DATA PROVIDED
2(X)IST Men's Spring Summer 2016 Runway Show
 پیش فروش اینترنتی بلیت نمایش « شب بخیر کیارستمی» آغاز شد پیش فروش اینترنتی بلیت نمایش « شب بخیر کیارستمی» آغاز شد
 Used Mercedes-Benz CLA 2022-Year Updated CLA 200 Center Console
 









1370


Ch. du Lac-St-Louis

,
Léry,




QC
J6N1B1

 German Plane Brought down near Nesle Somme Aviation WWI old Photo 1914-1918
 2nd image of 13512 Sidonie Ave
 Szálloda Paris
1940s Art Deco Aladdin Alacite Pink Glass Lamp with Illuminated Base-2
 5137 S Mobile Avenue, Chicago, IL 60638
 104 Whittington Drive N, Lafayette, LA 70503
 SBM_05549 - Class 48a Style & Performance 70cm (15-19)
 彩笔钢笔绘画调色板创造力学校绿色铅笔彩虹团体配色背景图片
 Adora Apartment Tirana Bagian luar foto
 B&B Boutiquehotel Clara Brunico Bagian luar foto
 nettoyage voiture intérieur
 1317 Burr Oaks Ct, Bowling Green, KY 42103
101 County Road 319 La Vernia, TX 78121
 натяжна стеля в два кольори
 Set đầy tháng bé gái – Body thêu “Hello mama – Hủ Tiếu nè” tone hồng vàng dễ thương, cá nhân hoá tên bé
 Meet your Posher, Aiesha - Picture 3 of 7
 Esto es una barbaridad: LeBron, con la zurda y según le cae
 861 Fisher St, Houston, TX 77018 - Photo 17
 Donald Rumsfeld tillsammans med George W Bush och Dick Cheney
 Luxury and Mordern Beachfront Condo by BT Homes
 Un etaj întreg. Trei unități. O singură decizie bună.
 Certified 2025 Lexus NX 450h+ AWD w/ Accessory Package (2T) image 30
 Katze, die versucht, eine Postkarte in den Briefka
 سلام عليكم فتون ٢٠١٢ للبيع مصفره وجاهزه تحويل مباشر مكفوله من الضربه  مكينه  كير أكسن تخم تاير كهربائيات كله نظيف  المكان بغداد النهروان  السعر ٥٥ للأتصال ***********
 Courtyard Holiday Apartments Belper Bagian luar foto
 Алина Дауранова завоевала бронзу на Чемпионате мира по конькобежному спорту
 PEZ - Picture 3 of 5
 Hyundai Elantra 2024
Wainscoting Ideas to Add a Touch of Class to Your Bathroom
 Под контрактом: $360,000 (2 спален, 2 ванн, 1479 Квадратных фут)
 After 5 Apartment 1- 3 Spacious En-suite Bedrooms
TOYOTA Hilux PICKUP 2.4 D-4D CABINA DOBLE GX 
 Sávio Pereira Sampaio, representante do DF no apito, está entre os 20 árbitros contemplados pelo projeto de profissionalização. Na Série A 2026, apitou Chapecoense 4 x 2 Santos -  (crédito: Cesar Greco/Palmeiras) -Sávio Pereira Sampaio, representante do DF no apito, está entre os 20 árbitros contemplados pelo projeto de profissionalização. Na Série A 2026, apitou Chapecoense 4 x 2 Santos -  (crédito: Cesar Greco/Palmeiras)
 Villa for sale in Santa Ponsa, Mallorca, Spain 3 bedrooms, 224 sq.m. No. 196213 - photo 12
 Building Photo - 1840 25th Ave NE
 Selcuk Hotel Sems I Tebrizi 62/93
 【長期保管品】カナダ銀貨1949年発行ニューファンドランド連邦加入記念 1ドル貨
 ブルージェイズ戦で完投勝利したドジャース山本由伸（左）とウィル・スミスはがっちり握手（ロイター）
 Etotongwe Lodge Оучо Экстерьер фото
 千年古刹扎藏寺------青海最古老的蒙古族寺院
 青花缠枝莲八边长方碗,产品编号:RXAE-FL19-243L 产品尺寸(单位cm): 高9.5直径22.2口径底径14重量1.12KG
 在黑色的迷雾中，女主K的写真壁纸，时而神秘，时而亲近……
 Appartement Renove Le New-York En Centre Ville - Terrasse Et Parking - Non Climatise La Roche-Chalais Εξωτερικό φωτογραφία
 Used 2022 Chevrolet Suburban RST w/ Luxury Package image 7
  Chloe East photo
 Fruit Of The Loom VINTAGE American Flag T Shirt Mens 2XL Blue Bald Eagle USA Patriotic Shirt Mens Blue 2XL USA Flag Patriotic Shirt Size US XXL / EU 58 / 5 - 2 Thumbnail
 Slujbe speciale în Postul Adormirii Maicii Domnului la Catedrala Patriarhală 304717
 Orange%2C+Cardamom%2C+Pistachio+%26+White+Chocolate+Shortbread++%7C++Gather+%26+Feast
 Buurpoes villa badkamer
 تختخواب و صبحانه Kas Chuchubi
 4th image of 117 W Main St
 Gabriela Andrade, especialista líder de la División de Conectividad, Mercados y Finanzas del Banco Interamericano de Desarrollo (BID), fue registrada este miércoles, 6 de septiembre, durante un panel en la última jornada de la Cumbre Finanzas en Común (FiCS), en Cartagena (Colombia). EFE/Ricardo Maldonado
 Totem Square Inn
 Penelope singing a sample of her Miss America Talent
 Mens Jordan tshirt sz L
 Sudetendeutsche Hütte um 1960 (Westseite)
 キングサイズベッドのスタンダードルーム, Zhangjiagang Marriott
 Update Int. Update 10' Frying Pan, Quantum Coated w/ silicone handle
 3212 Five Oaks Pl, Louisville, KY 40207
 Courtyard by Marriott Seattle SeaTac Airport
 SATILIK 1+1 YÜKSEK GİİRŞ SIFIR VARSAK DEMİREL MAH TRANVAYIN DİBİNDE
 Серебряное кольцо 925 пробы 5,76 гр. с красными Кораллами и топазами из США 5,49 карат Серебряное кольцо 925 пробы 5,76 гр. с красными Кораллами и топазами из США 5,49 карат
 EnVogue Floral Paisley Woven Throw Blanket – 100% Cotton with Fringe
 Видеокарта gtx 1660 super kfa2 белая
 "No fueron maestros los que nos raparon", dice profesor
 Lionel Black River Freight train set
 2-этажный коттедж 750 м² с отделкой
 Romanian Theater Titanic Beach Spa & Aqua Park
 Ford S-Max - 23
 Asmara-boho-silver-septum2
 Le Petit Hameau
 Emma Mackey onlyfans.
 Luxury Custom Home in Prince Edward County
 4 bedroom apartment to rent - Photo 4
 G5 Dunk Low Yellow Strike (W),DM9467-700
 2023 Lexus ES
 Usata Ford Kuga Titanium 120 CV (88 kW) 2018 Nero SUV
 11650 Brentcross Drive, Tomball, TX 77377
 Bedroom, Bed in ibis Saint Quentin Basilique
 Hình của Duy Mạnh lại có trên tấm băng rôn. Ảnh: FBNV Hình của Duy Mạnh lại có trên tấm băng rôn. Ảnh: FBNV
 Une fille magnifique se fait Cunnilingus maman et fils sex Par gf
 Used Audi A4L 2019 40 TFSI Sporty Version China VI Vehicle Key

TASK GOAL
In the records above, find every line with the word "Marriott" and copy it.

WRITTEN ANSWER
 キングサイズベッドのスタンダードルーム, Zhangjiagang Marriott
 Courtyard by Marriott Seattle SeaTac Airport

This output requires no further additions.